- Study material -
============================================================

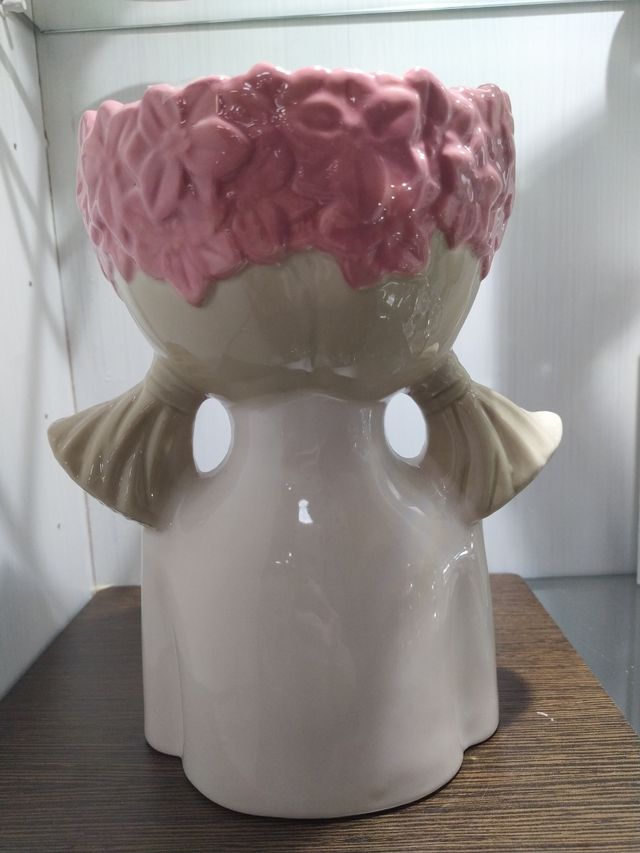 Vaso in ceramica con fiori di seta
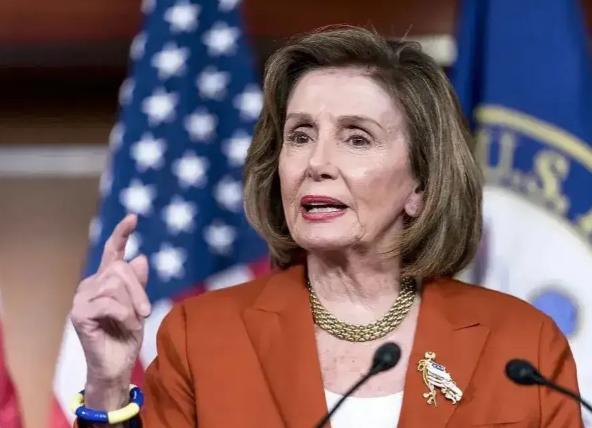 佩洛西哀叹“美国要完了”！美国政坛那位85岁的老太太佩洛西，又向特朗普“开炮”了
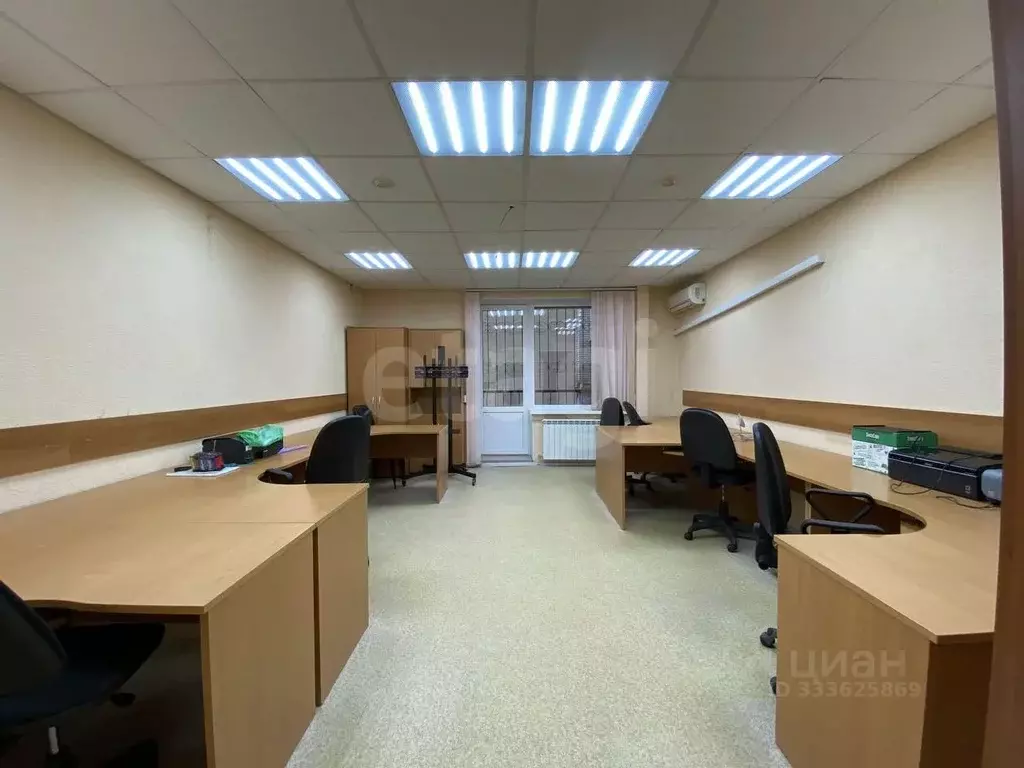 Офис в Саратовская область, Саратов ул. Имени С.Т. Разина, 54 (249 м) - Фото 1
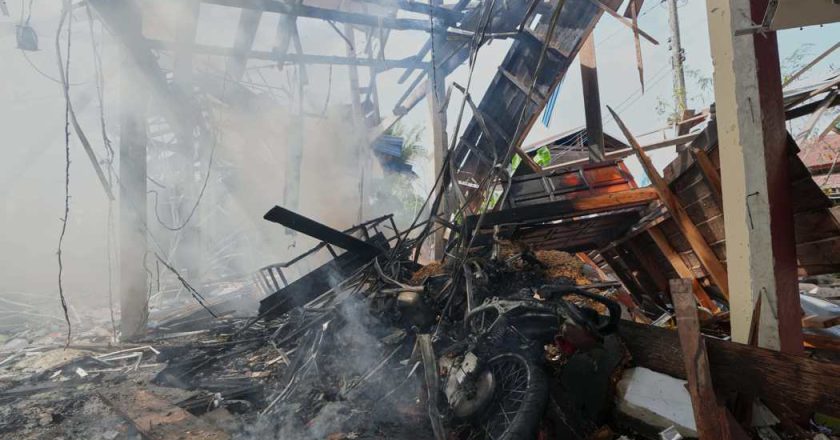 王毅通话泰柬外长调停边境冲突　陆称双方表达停火意愿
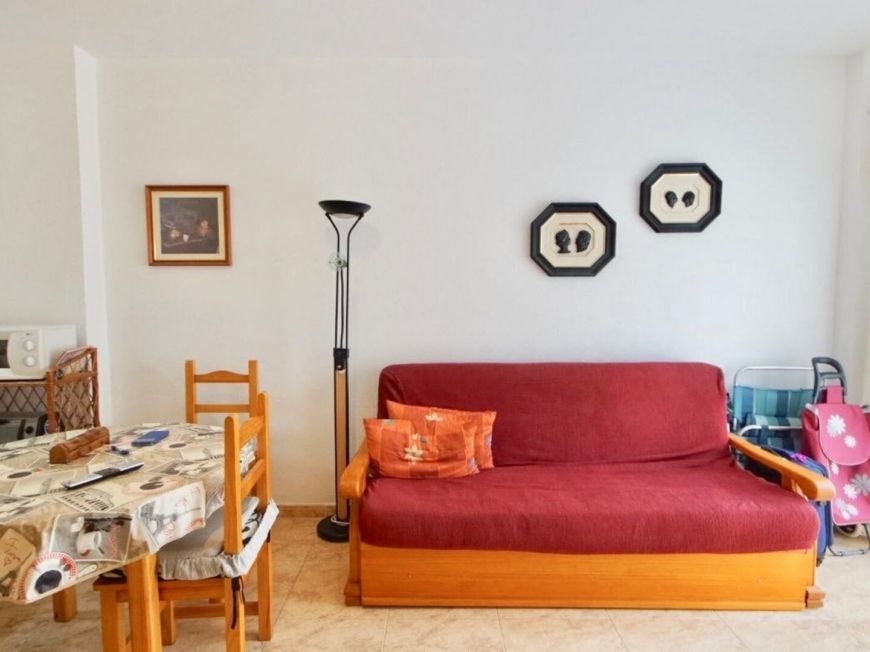 Spanien Helle 1-Zimmer-Wohnung mit Terrasse neben Mercadona - Busbahnhof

============================================================

- Required work -
The expected response is every line of the material, written out exactly, with the images removed.

- Output of the task -
 Vaso in ceramica con fiori di seta
 佩洛西哀叹“美国要完了”！美国政坛那位85岁的老太太佩洛西，又向特朗普“开炮”了
 Офис в Саратовская область, Саратов ул. Имени С.Т. Разина, 54 (249 м) - Фото 1
 王毅通话泰柬外长调停边境冲突　陆称双方表达停火意愿
 Spanien Helle 1-Zimmer-Wohnung mit Terrasse neben Mercadona - Busbahnhof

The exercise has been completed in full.